Evolve IP, a cloud service provider based in Wayne, PA, has been working with attorneys in the U.S. and EU on its path to GDPR compliance. The company provides virtual desktops, disaster recovery, IaaS, colocation, and cloud communications services to customers in regulated industries, including healthcare and financial services.
“This time last year we acquired a company in the Netherlands [Mtel] which has thrust us right into the middle of the GDPR conversation,” Evolve IP’s EVP of data engineering Joseph Pedano said. “It was also a very nice addition because they had already done a lot of the leg work, but having jumped into it sort of midstream with them and following up to make sure we are compliant by the May 25 deadline has been an interesting journey to say the least.”
The scope of the regulation and the lack of case law means there is very little in the way of structure around security policies, best practices or frameworks which exist for other established compliance regimes such as PCI and HITRUST, Pedano said. In general, when assessing your cloud providers ability to meet GDPR requirements, be ready to ask questions around retention periods of data, breach notification protocols, data portability, security, and privacy by design.
“The biggest problem that companies are having is data identification,” Pedano said. “Who has their data, where is it, what are the policies surrounding it … a lot of companies are struggling.”
“There’s a specific example where we have consumer-based data in Salesforce that is getting sent to Marketo for marketing purposes. There’s two organizations that have parts of my data that I need to have contractual clauses with,” he said, noting that identifying all the vendors and external touchpoints that may have data access is a huge undertaking for most companies.
London-based technology and privacy lawyer Kolvin Stone said he goes through a discovery process with clients to understand what kind of data they have, how they use it, and who has access to it. This data audit ultimately helps determine their level of exposure to GDPR and their risk profile.
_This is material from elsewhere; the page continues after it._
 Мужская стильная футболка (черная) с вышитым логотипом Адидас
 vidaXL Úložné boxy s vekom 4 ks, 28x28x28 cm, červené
Other factors that go into this assessment include the size of the company and the number of European users they have.
When it comes to cloud services startups, the very nature of their business means they are global from day one, he said, which means they can have a high level of risk.
Stone is a partner at Orrick and is the Global Co-Chair of the Cyber, Privacy and Data Innovation, and the Technology Transactions practice. He has helped both cloud service providers and companies that use cloud services meet GDPR requirements. The firm also launched a GDPR Readiness Tool last year to help assess an organization’s current state of compliance with the GDPR.
Once the discovery process is complete, Stone starts to build out a plan for them to comply with GDPR requirements. This involves making sure that the cloud service providers his clients deal with are meeting their obligations. This goes beyond just a contract, he said.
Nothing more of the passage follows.